Maintenant, dans le cas des données personnelles, tu sais, on ne peut pas en arriver à dire : Ah! mais de toute façon, tu sais, il y a déjà des problèmes d'anonymité, là, puis des problèmes avec les données personnelles, donc, tu sais, abandonnons et lâchons le morceau. Je pense que ce n'est pas ce que les gens veulent, puis nous, on trouverait ça dangereux.

Là, on voit, il y a un domaine particulier où des gens pourraient... vont instrumentaliser ça pour faire de l'argent et à notre détriment. Et ça, il faut faire tout ce qu'on peut pour l'empêcher.

M. Bergeron (Patrice) : Si on prend la parole de bonne foi du premier ministre, mettons, puis qu'on dit : Oui, mais ça permettrait, par exemple, d'établir de façon statistique si un groupe de population réagit mieux à un médicament qu'un autre groupe de population, si c'est fait en toute bonne foi, qu'est-ce qu'on pourrait avoir contre ça, là, contre le principe, là?

M. Zanetti : On ne peut pas présumer que des compagnies pharmaceutiques vont être de bonne foi. Tu sais, regardez ce qu'elles font. Je veux dire, regardez ce que les «Big Pharma» font, là. Ce sont des machines à faire de l'argent.

Juste pour donner un argument pour appuyer ce que je dis là, là, bon, dans des... il faudrait que je vous donne la référence peut-être plus tard pour ne pas me tromper dans la référence, mais il y a une immense proportion de la liste de paie de ces compagnies-là que c'est du marketing, là. Ce sont des compagnies qui sont là pour vendre le plus... qui servent leurs actionnaires. Ça ne sert pas l'humanité. De la recherche, oui, mais de la recherche par des compagnies privées multinationales qui n'ont pas l'intérêt des populations en premier lieu, il n'en est pas question.

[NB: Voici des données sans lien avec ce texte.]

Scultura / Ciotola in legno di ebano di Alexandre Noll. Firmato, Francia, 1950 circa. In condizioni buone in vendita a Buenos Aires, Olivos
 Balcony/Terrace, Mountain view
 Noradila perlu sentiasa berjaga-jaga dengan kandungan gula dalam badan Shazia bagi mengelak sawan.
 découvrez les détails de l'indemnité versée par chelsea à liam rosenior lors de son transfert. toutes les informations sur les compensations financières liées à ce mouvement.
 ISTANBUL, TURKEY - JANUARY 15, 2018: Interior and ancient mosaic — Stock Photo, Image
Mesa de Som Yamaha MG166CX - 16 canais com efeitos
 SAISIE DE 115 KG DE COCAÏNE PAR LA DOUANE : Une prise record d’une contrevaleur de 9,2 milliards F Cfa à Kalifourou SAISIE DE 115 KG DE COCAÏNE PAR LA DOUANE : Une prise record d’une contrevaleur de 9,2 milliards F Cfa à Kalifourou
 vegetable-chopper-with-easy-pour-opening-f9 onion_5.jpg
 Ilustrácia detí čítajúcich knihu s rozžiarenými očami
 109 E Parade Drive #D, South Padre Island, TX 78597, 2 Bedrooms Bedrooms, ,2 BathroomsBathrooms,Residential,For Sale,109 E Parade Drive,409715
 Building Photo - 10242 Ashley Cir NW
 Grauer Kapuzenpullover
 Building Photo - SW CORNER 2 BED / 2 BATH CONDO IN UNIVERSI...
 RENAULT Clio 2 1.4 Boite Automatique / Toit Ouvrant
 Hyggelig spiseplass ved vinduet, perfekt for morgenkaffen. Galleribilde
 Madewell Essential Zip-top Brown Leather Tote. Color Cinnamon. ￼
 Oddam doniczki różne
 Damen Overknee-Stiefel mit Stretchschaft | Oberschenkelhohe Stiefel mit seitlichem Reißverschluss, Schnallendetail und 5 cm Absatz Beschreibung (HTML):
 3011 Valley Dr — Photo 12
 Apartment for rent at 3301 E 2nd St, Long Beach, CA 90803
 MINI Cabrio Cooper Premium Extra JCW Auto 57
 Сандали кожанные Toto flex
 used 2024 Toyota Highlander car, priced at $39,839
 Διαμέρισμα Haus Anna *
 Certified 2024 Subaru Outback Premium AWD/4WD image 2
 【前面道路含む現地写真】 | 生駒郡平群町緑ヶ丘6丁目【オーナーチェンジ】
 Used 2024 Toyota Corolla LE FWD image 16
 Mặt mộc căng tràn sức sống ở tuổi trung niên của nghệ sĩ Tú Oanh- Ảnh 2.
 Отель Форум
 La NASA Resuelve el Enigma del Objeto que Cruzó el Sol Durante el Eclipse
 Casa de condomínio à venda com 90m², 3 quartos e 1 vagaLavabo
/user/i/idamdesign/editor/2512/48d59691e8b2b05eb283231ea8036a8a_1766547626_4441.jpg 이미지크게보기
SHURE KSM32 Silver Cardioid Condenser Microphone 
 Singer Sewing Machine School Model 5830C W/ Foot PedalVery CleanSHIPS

M. Bergeron (Patrice) : Mais, quand vous parlez, là, du terme, là, le «Big Pharma», d'abord, ce n'était pas dans le vocabulaire courant, il n'y a pas si longtemps, au Québec, ce n'est pas une façon d'attiser des complotistes? Dans le sens que toutes ces compagnies-là sont quand même des concurrentes, là, elles ne se mettent pas toutes ensemble pour dire : On va faire du mal à une population. Quand vous parlez... votre collègue l'a repris aussi, M. Nadeau-Dubois, «Big Pharma». «Big Pharma», ce n'est pas une façon d'être populiste, ça, puis de réveiller, là, les craintes des gens inutilement?

M. Zanetti : C'est une façon de décrire une certaine réalité. Vous savez, le marché des pharmaceutiques, là, ce n'est pas un marché libre de PME, là, hein? Il y a quelques gros joueurs mondiaux qui se font des concurrences féroces. Je ne suis pas en train de dire qu'ils prennent le thé tous les dimanches après-midi ensemble, là, il ne faut pas déformer nos propos par rapport à ça, mais c'est une réalité, là, que ces grosses compagnies là, ils font des choses qui sont problématiques. Et puis elles nous vendent les médicaments extrêmement chers, puis ce n'est pas... elles ne se comportent pas comme le feraient des chercheurs qui travaillent pour le public, sans but lucratif. Ça, c'est évident, là, personne ne peut nier ça, là.

M. Larin (Vincent) : Est-ce que vous comprenez qu'est-ce que fait Precinomics? Est-ce que c'est clair?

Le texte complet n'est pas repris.